=== The data ===
________________________________________
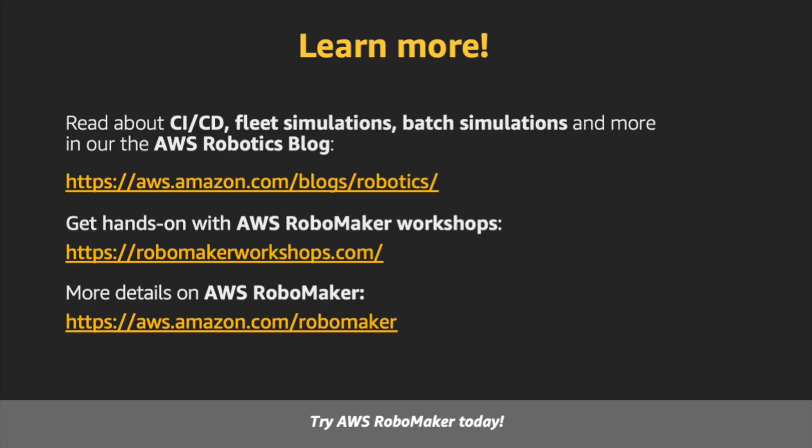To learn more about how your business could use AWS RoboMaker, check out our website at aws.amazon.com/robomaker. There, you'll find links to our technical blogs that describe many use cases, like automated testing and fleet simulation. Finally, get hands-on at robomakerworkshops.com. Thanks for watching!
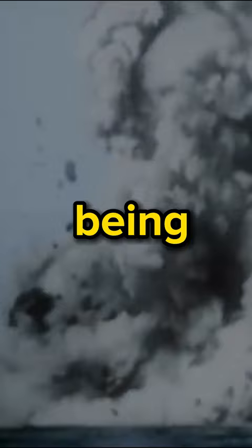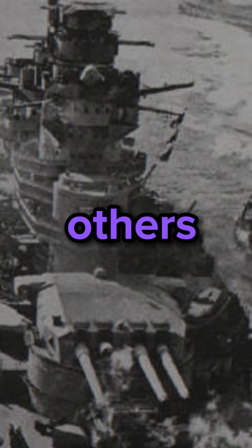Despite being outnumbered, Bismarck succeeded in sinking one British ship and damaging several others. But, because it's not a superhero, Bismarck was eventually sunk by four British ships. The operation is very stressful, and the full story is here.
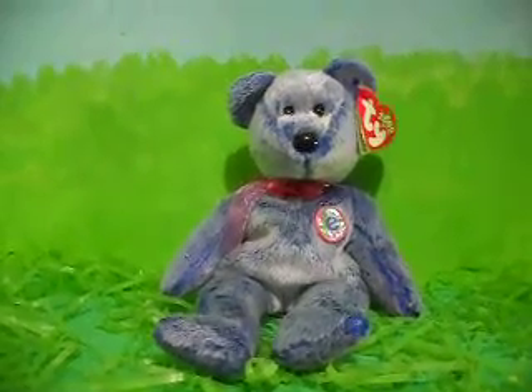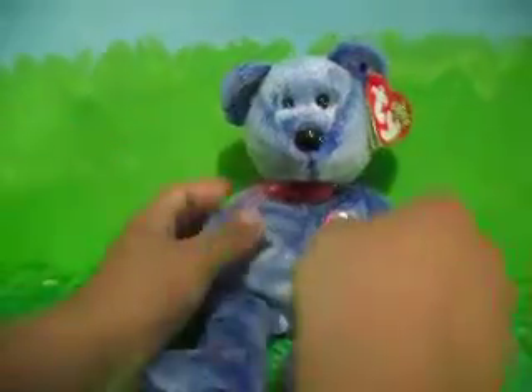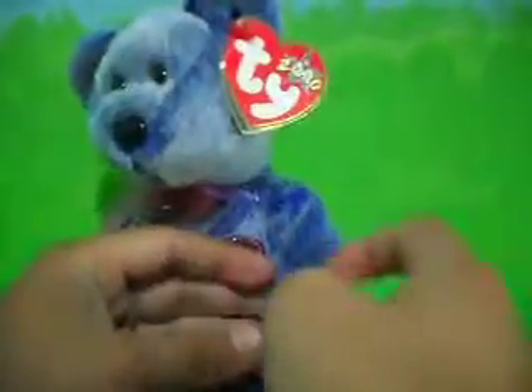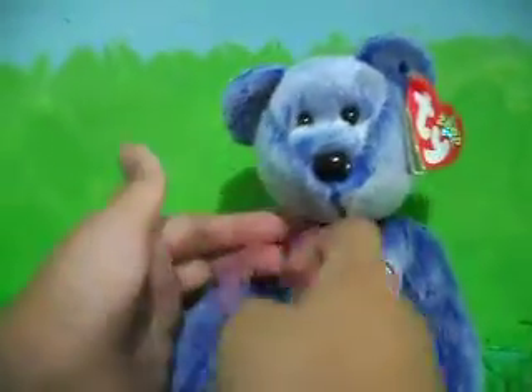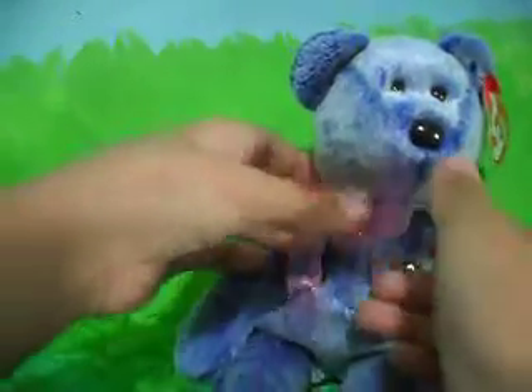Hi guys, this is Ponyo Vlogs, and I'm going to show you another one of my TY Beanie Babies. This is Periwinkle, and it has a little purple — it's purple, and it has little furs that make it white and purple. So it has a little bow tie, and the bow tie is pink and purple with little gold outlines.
________________________________________
Write the listing above out again exactly, but not the images it holds.

=== Solution below ===
To learn more about how your business could use AWS RoboMaker, check out our website at aws.amazon.com/robomaker. There, you'll find links to our technical blogs that describe many use cases, like automated testing and fleet simulation. Finally, get hands-on at robomakerworkshops.com. Thanks for watching!
Despite being outnumbered, Bismarck succeeded in sinking one British ship and damaging several others. But, because it's not a superhero, Bismarck was eventually sunk by four British ships. The operation is very stressful, and the full story is here.
Hi guys, this is Ponyo Vlogs, and I'm going to show you another one of my TY Beanie Babies. This is Periwinkle, and it has a little purple — it's purple, and it has little furs that make it white and purple. So it has a little bow tie, and the bow tie is pink and purple with little gold outlines.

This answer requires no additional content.